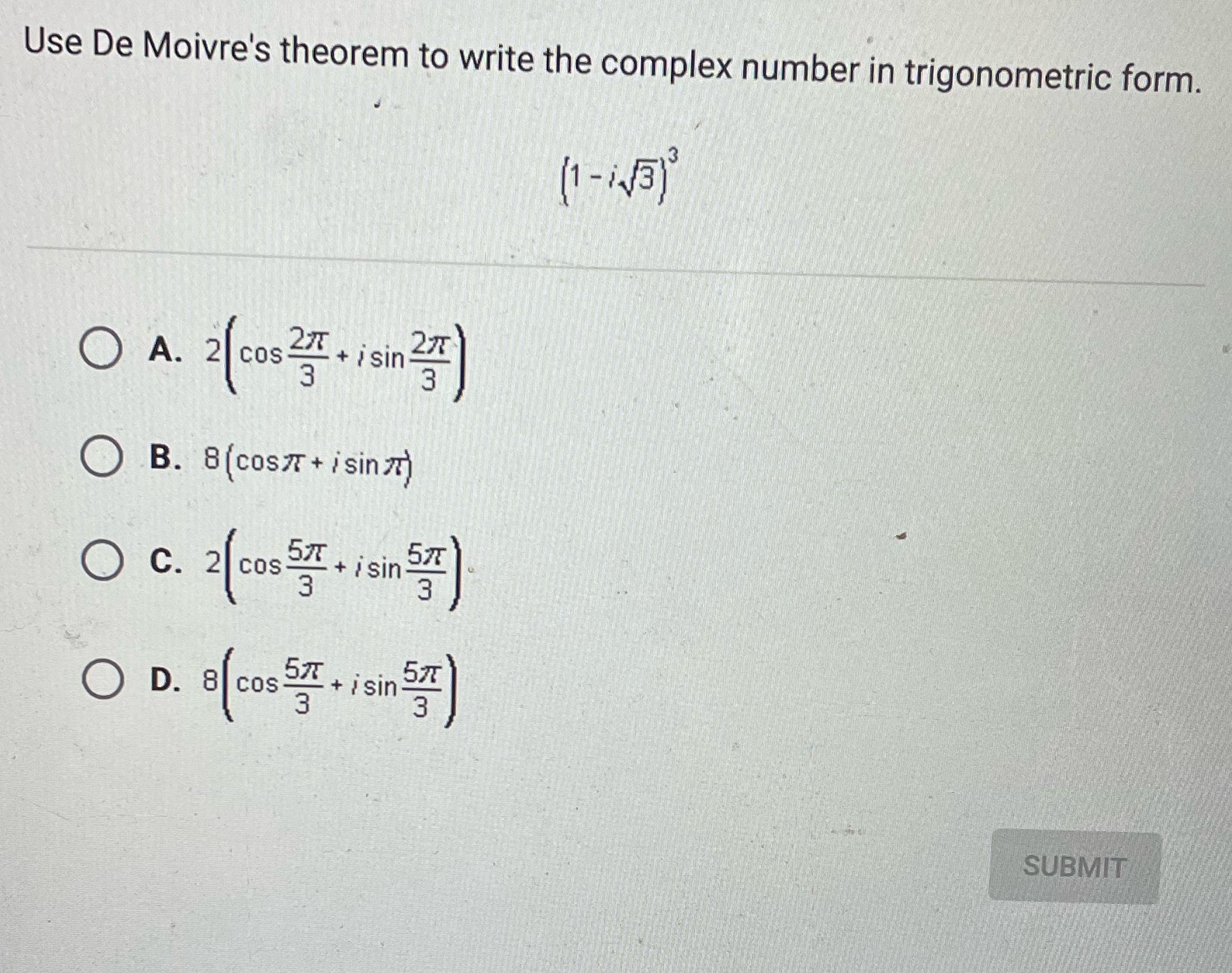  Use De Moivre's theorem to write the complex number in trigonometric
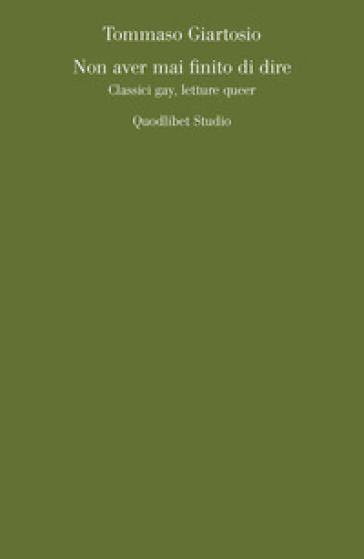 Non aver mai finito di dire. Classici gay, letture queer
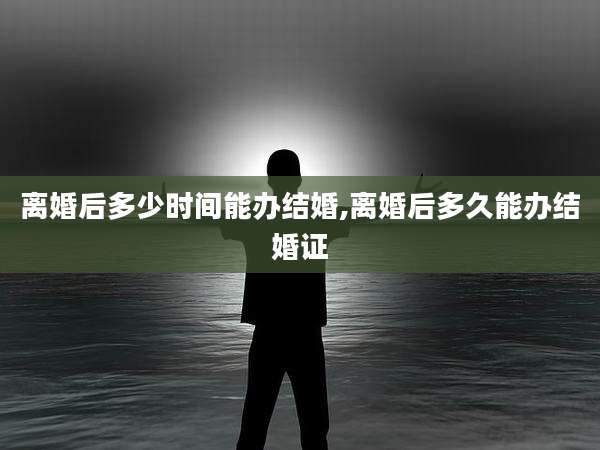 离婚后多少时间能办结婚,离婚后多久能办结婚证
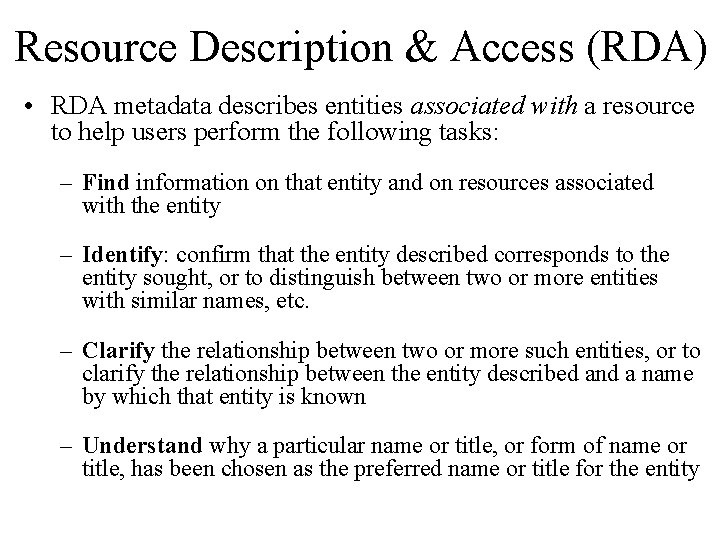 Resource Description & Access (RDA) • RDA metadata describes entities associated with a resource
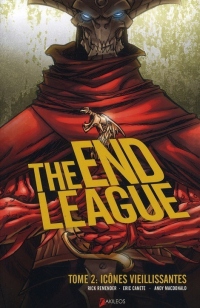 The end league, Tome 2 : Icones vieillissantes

**About this exercise:**
Retype every entry word for word, but do not carry over the pictures.

**Task answer:**
  Use De Moivre's theorem to write the complex number in trigonometric
 Non aver mai finito di dire. Classici gay, letture queer
 离婚后多少时间能办结婚,离婚后多久能办结婚证
 Resource Description & Access (RDA) • RDA metadata describes entities associated with a resource
 The end league, Tome 2 : Icones vieillissantes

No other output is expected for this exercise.